If I were to include this content at all, I might have phrased it by saying “one way to make sense of these data is to think of low IV as… and to think of high IV as…”

Taking a step back, we do not even know if the groups are actually different without a statistical analysis (see links in the third-to-last paragraph here). And again, we do not know how many trades are in each group.

Moving onto the next table:

Short Premium Table 4 (saved 11-17-18)

Again, no statistical analysis is performed.

However, I do think it meaningful that all groups showed 73% or more trades hitting 25% profit.

By the way, does this include winners and losers? I think it should include just winners. Do rows 4 and 6 include winners and losers? I think those should include just winners.
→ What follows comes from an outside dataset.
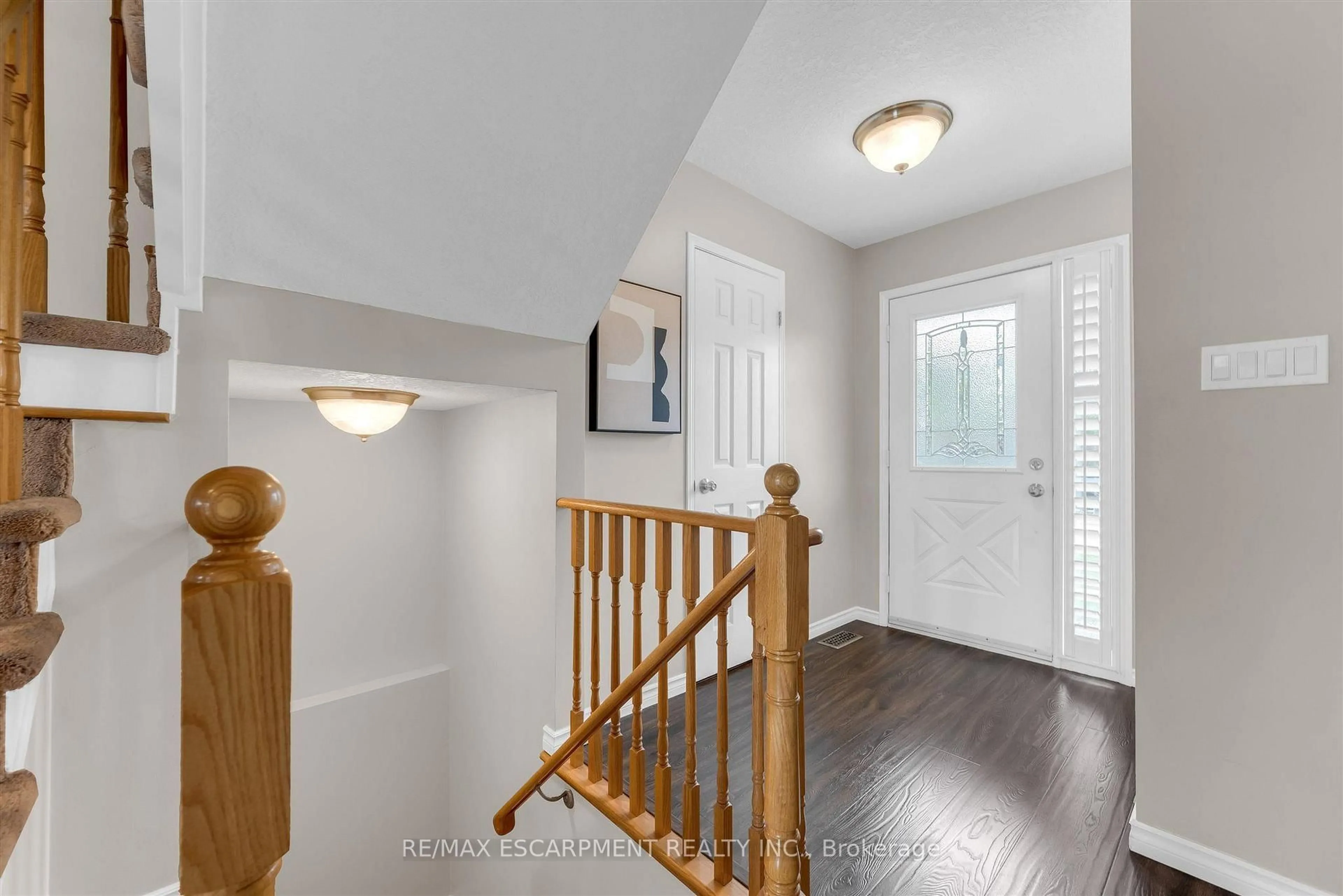 Indoor entryway for 125 Voyager Pass, Hamilton Ontario L0R 1C0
See my last two paragraphs in Part 2 about lack of transparent methodology.

For kicks and giggles, she then writes:

     > But why do the middle-two VIX entry ranges show slightly worse trade
     > metrics compared to the lowest and highest VIX entry ranges?

At least she doesn’t try to apply the above explanations for low and high IV to these two groups!

Short Premium Research Dissection (Part 2)

I continue today with my critique of some recently-purchased research. This tells a story that should be interesting and compelling to option traders. For this reason, I don’t mind if this mini-series is lengthy.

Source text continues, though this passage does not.